A word-for-word copy of the lines below, starting at the line with "Sure Strike (VOW) (179)" and ending at the last one, is what you should give. Omit every picture.
[[ Records shown open ]]
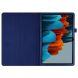 Чехол Deexe Folder Style для Samsung Galaxy Tab S7 (T870/875) / S8 (T700/706) - Dark Blue. Фото 5 из 7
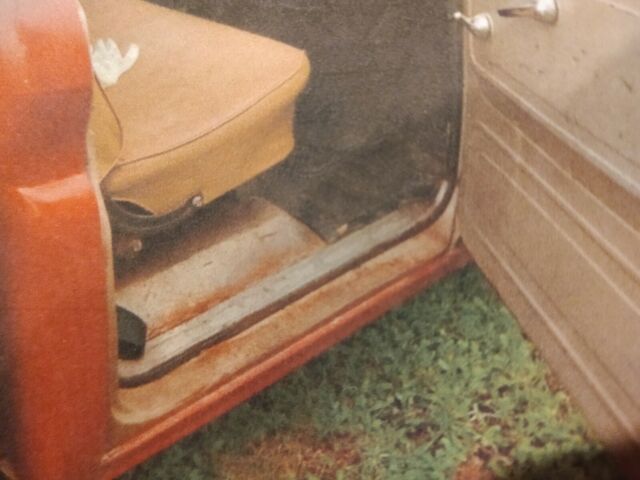 1965 Red Chevrolet C-10 Standard Cab Pickup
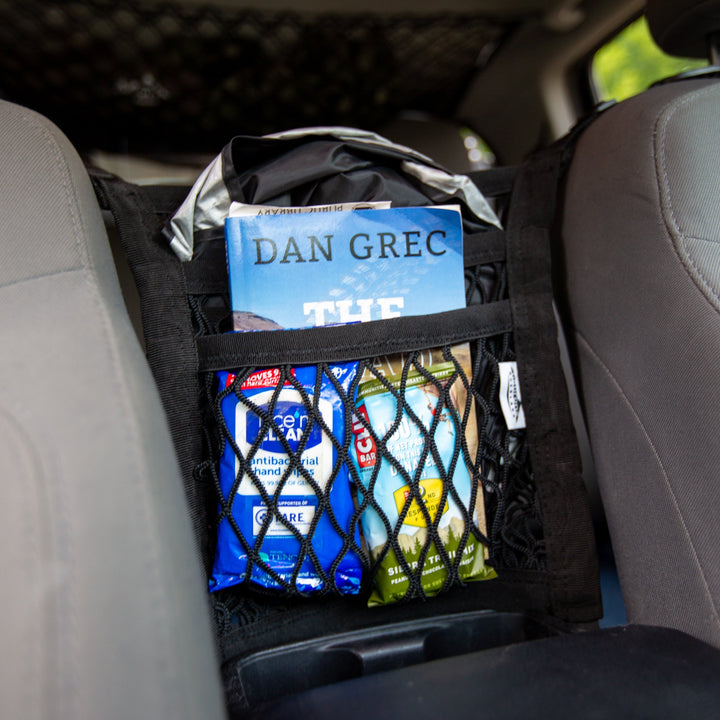 Flatirons Overland Universal Seat Divider Storage Net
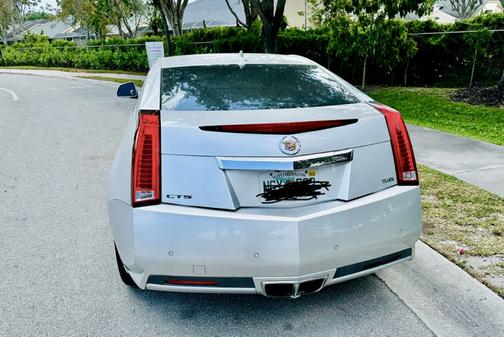 2011 Cadillac CTS Performance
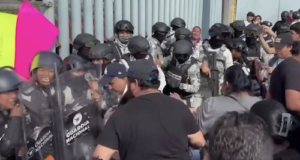 7 Dead in Prison Riot in Villahermosa, Mexico Caught on Camera. Credit NMas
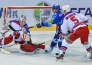 Фоторепортаж с матча КХЛ «Барыс» — «Лев» 2:3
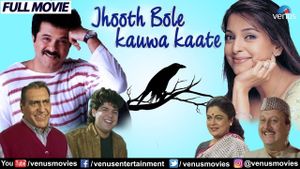Jhooth Bole Kauwa Kaate's poster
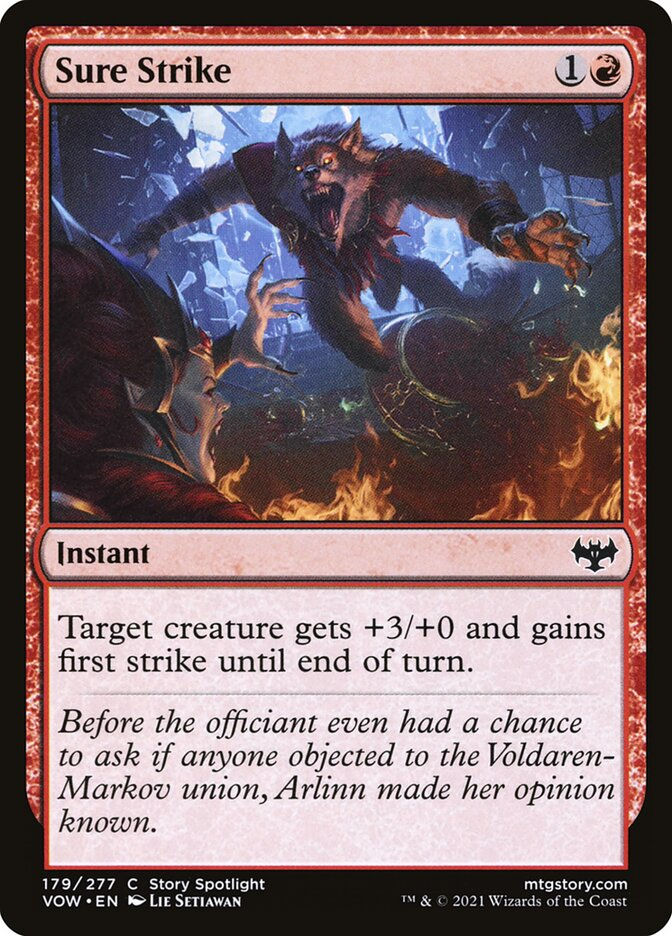 Sure Strike (VOW) (179)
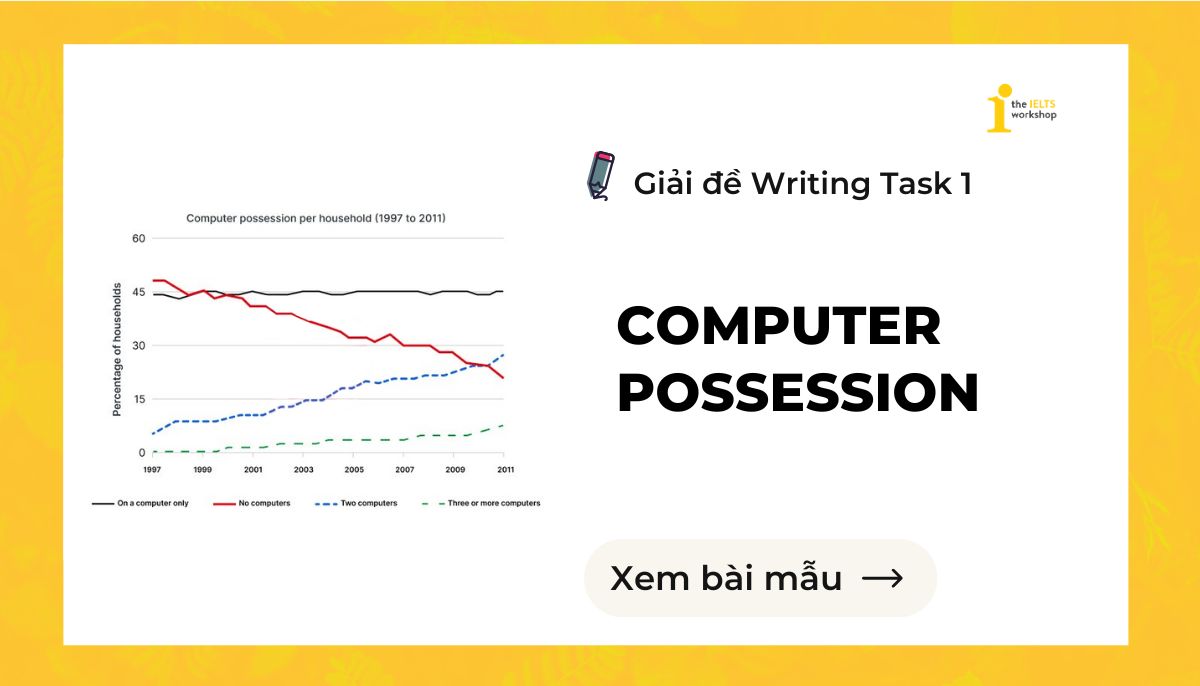 computer possession ielts writing task 1
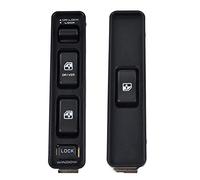 Window Control Switch Commutateur Commande Principal Fenêtre Électrique Voiture Gauche Droite Pour Suzuki Pour Vitara 1992-1998 37990-60A00 Interrupteur Bouton(Régler)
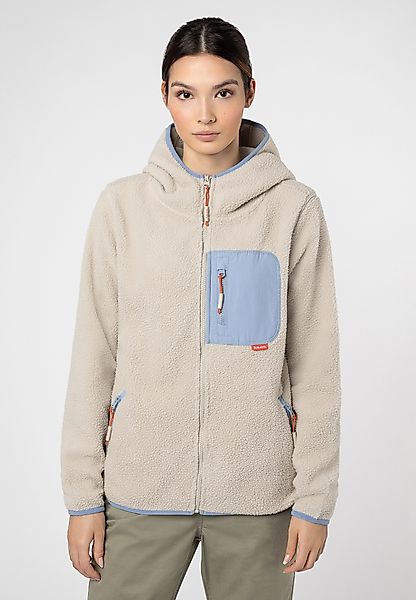 SUBLEVEL Fleecejacke Fleecejacke mit aufgesetzter Brusttasche günstig online kaufen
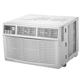Cool-Living 8 000 BTU 115-Volt Window Air Conditioner with Digital Display and Remote White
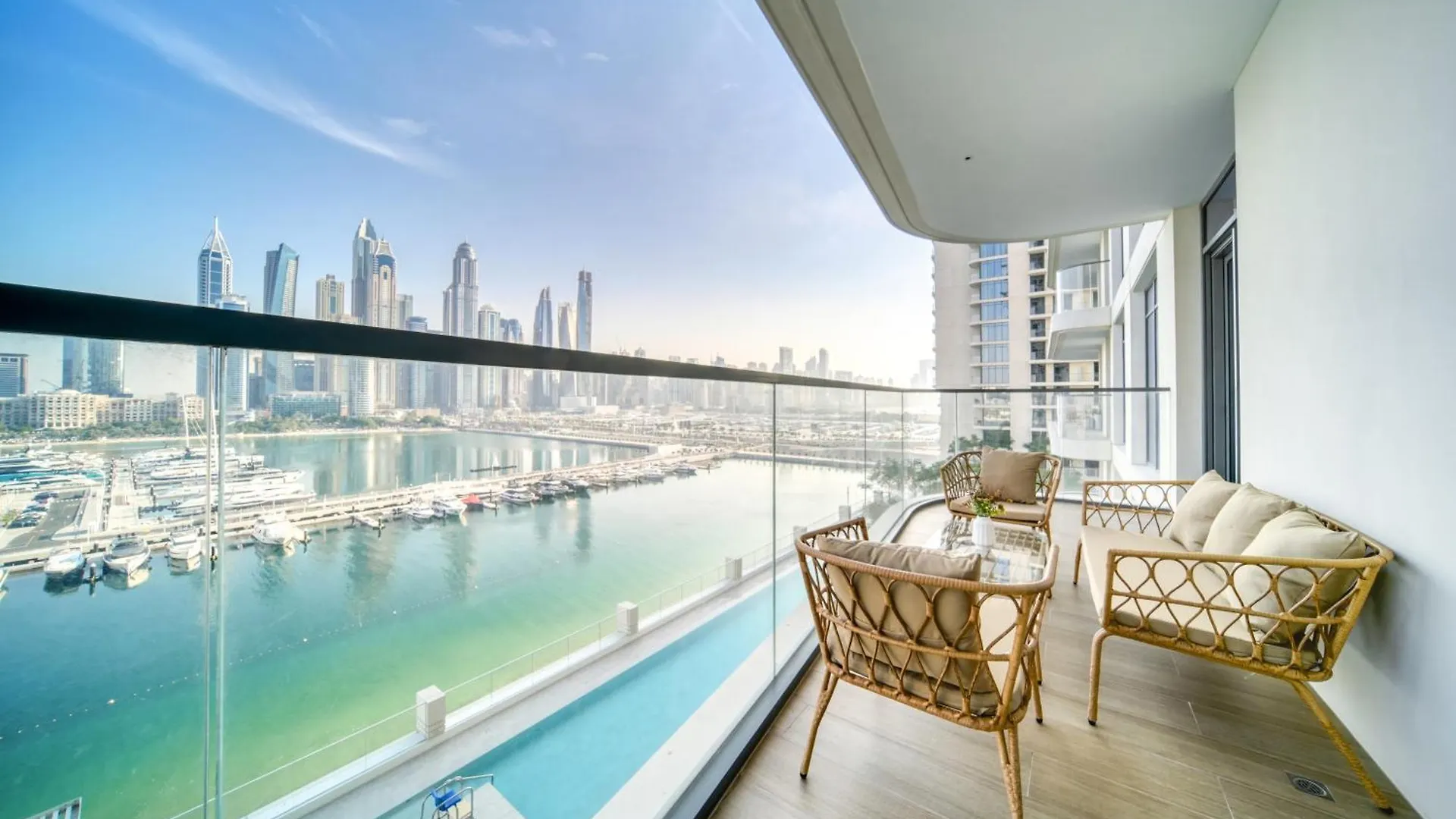 Seaside Splendor: Luxe Retreat At Emaar Beachfront Dubai United Arab Emirates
[[ Records shown closed ]]
◆ Exercise response
 Sure Strike (VOW) (179)
 computer possession ielts writing task 1
 Window Control Switch Commutateur Commande Principal Fenêtre Électrique Voiture Gauche Droite Pour Suzuki Pour Vitara 1992-1998 37990-60A00 Interrupteur Bouton(Régler)
 SUBLEVEL Fleecejacke Fleecejacke mit aufgesetzter Brusttasche günstig online kaufen
Cool-Living 8 000 BTU 115-Volt Window Air Conditioner with Digital Display and Remote White
 Seaside Splendor: Luxe Retreat At Emaar Beachfront Dubai United Arab Emirates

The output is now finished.